*** ENTRIES PROVIDED
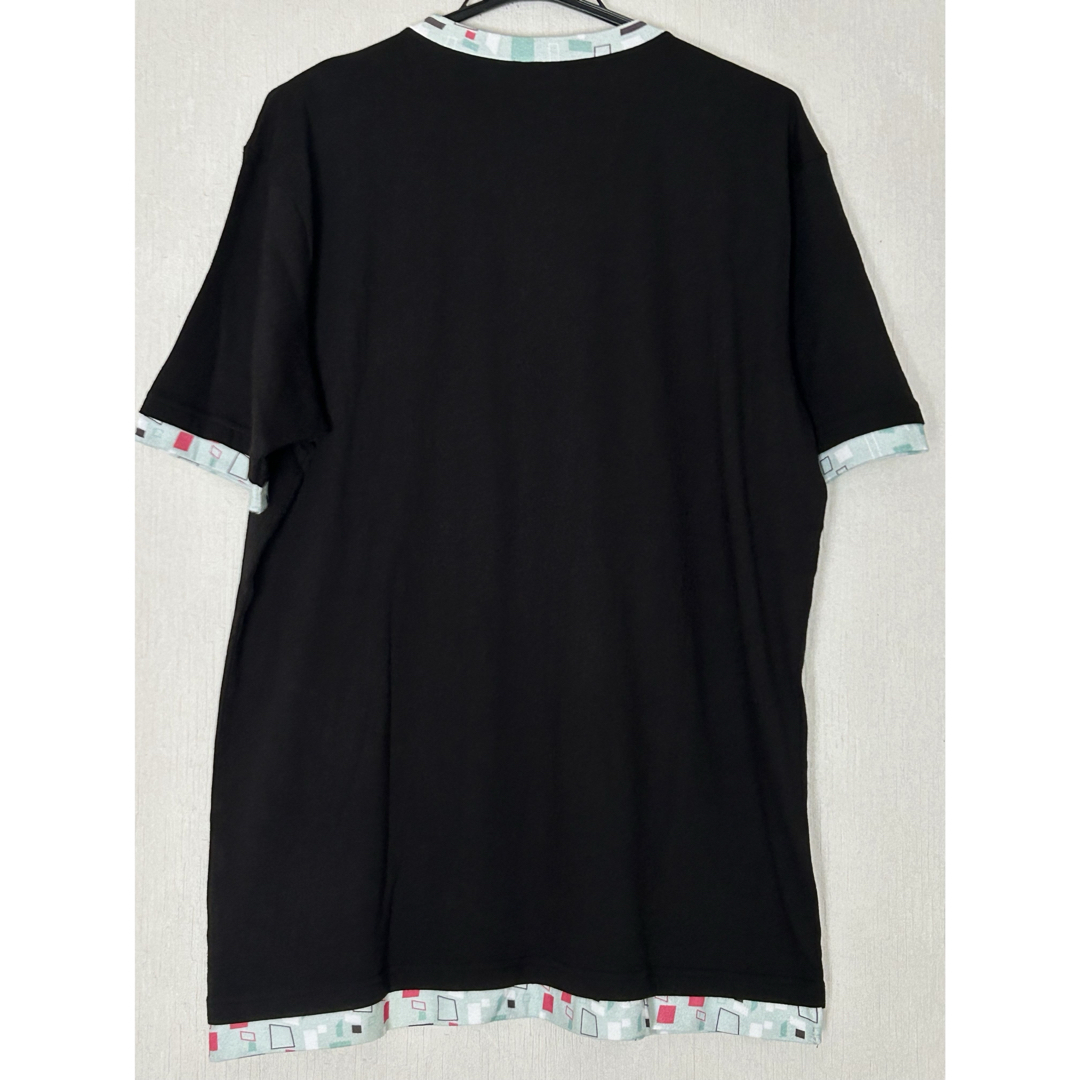 美品　snowmiku 雪ミク　sky town リンガー半袖Tシャツ　XL メンズのトップス(Tシャツ/カットソー(半袖/袖なし))の商品写真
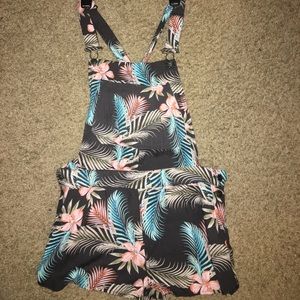 Bethany Mota short overalls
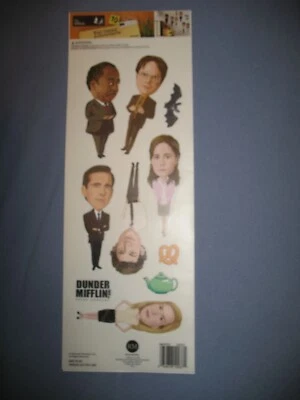 The Office 10 Wall Decals Removable Repositional Stickers Dunder Mifflin Dwight - Image 1 of 2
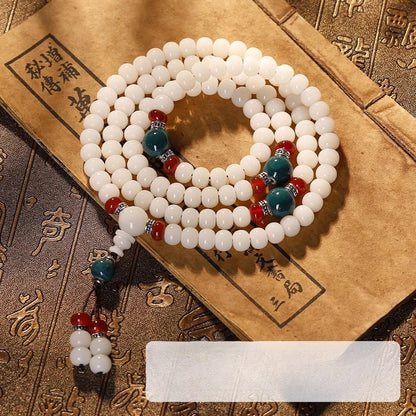 Zen Healing 108 Jade Bodhi Beads Peace Enlightenment Mala Bracelet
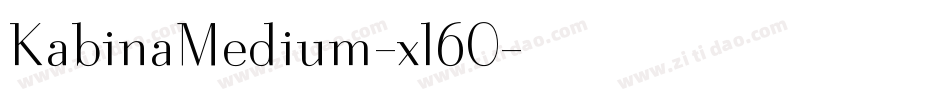 KabinaMedium-xl60字体转换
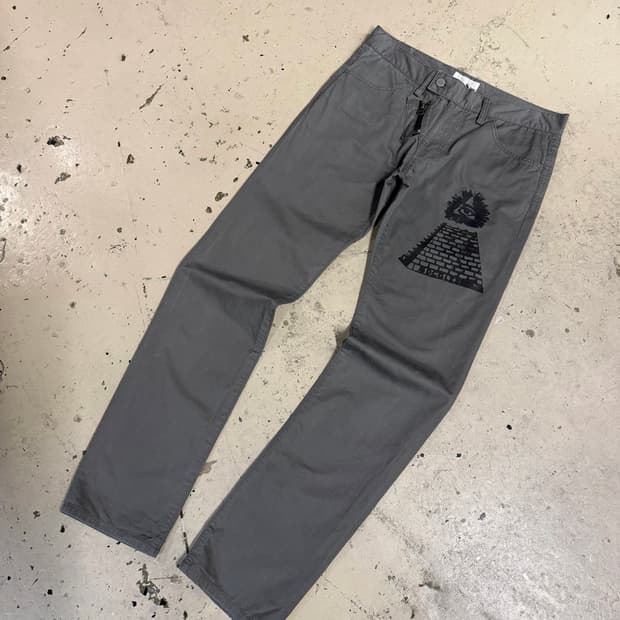 swing incomo graphic point grey pants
******
▶ [TASK] Could you reproduce the data above exactly, without its pictures?

▶ [RESPONSE]
 美品　snowmiku 雪ミク　sky town リンガー半袖Tシャツ　XL メンズのトップス(Tシャツ/カットソー(半袖/袖なし))の商品写真
 Bethany Mota short overalls
 The Office 10 Wall Decals Removable Repositional Stickers Dunder Mifflin Dwight - Image 1 of 2
 Zen Healing 108 Jade Bodhi Beads Peace Enlightenment Mala Bracelet
 KabinaMedium-xl60字体转换
 swing incomo graphic point grey pants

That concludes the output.